Major grocery store chains are once again backing an initiative to end the state’s control of liquor sales, saying private liquor sales would take government out of the booze business and bring revenues to the state’s depleted coffers.
Initiative 1183 would allow private retailers to sell liquor, so long as the stores are big — at least 10,000 square feet.
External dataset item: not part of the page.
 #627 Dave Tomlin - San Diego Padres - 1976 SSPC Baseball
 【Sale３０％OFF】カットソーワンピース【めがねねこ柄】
A significant portion of the money from the sales of the liquor would be earmarked for public safety spending.
“It ends the outdated sale of liquor by the state in Washington,” says Kathryn Stenger, spokeswoman for the Yes on 1883 Coalition. “The state does really strongly promote the sale of liquor when their core function should just be enforcement and oversight and regulation.”
Opponents say the initiative would lead to a proliferation of liquor stores, and an increase in underage drinking.
“No one can really say with any certitude how many liquor outlets would open under 1183,” says Alex Fryer, a spokesman for Protect our Communities, a group opposed to the initiative.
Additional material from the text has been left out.